Would you give the listing back word for word once its pictures are removed?

RECORDS FOR PROCESSING Block Start

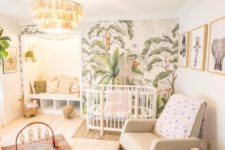 a bright tropical nursery with a tropical printed wall, a tassel chandelier, boho rugs, a leather ottoman and printed pillows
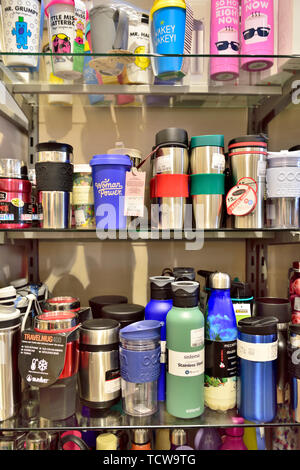 Display of refillable environmentally friendly drinking water bottles on shelves for sale in shop Stock Photo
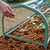 Hand adjusting the circular ventilation opening in the clear end panel of a Pacific PC Cloche| Vego Garden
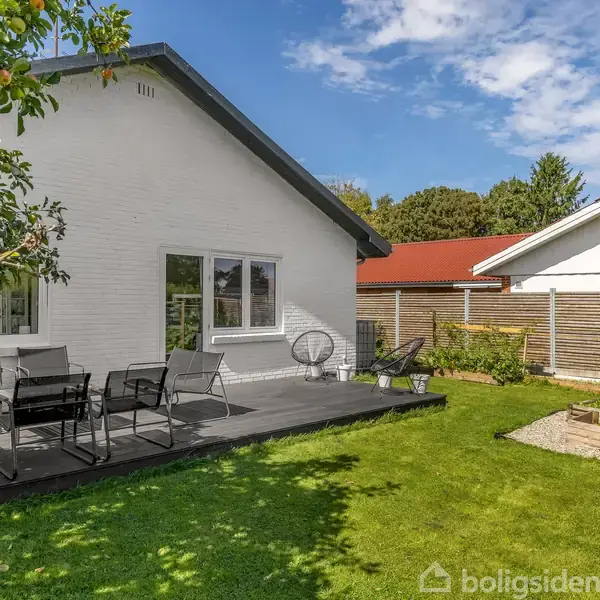 Hvidt hus med terrasse, hvor der står sorte havemøbler. Terrassen er omgivet af en grøn græsplæne med højbede og træhegn i baggrunden. Rød tagryg på nabohuset.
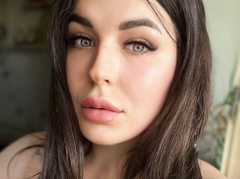 Black_Angel - female with brown hair and  small tits webcam at ImLive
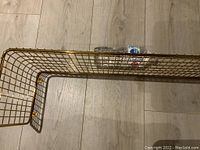 Top-down view of curved gold wire shelf laying flat on light wood floor, showing the grid pattern and right angled ends, with a water bottle for scale.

RECORDS FOR PROCESSING Block End

● TASK RESULT
 a bright tropical nursery with a tropical printed wall, a tassel chandelier, boho rugs, a leather ottoman and printed pillows
 Display of refillable environmentally friendly drinking water bottles on shelves for sale in shop Stock Photo
 Hand adjusting the circular ventilation opening in the clear end panel of a Pacific PC Cloche| Vego Garden
 Hvidt hus med terrasse, hvor der står sorte havemøbler. Terrassen er omgivet af en grøn græsplæne med højbede og træhegn i baggrunden. Rød tagryg på nabohuset.
 Black_Angel - female with brown hair and  small tits webcam at ImLive
 Top-down view of curved gold wire shelf laying flat on light wood floor, showing the grid pattern and right angled ends, with a water bottle for scale.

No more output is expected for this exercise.